Each line of the data below should be restated exactly, with images left out.

=====

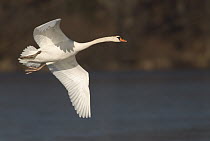 Mute Swan (Cygnus olor) flying, Kensington Metropark, Milford, Michigan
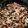 melinda.gladney's cooksnap of when they made Creamy Mushrooms with Pasta.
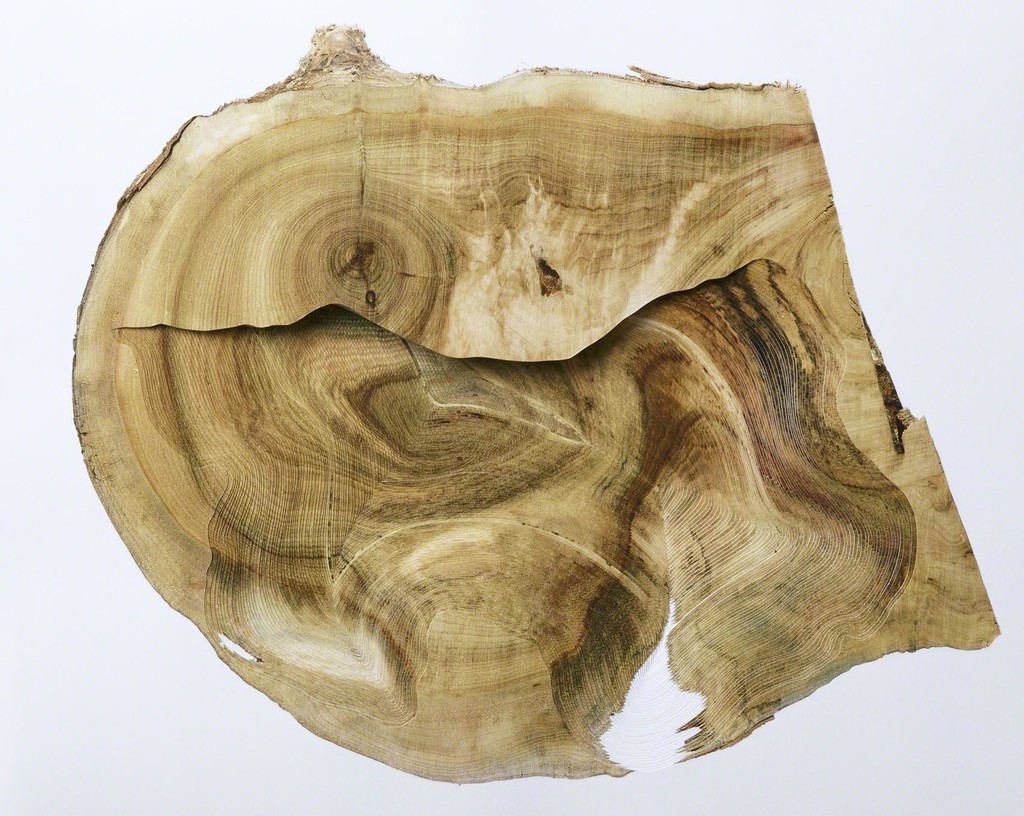 "Roadside tree_041" 3-D wall sculpture unique engraved in layers of photography, 2016 by Nerhol "Roadside tree_041" 3-D wall sculpture unique engraved in layers of photography, 2016 by Nerhol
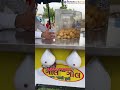 Panipuri Filling Machine | Automatic Panipuri Filling Machine | Street Food Business #shorts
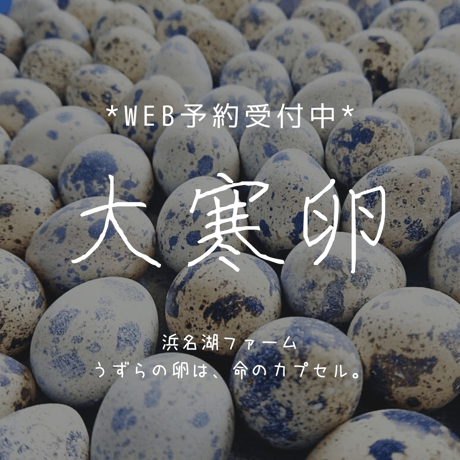 家庭用大寒卵セット＊数量限定＊
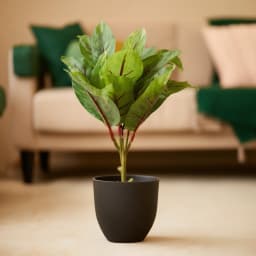 Artificial Plant in Black Plastic Pot - Green Leaves - view 1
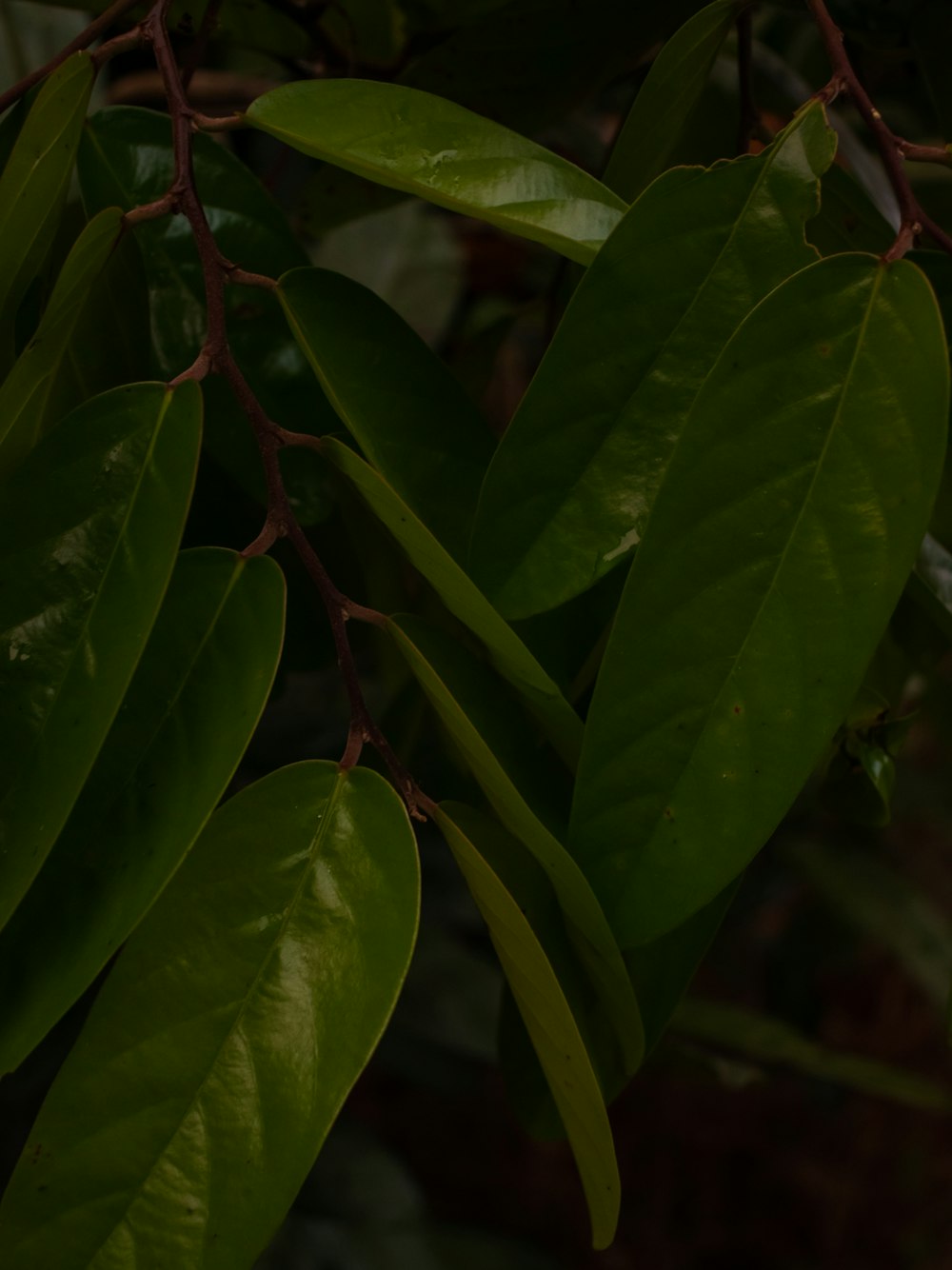 a close up of a green leafy plant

=====

EXERCISE RESPONSE —
 Mute Swan (Cygnus olor) flying, Kensington Metropark, Milford, Michigan
 melinda.gladney's cooksnap of when they made Creamy Mushrooms with Pasta.
 "Roadside tree_041" 3-D wall sculpture unique engraved in layers of photography, 2016 by Nerhol "Roadside tree_041" 3-D wall sculpture unique engraved in layers of photography, 2016 by Nerhol
 Panipuri Filling Machine | Automatic Panipuri Filling Machine | Street Food Business #shorts
 家庭用大寒卵セット＊数量限定＊
 Artificial Plant in Black Plastic Pot - Green Leaves - view 1
 a close up of a green leafy plant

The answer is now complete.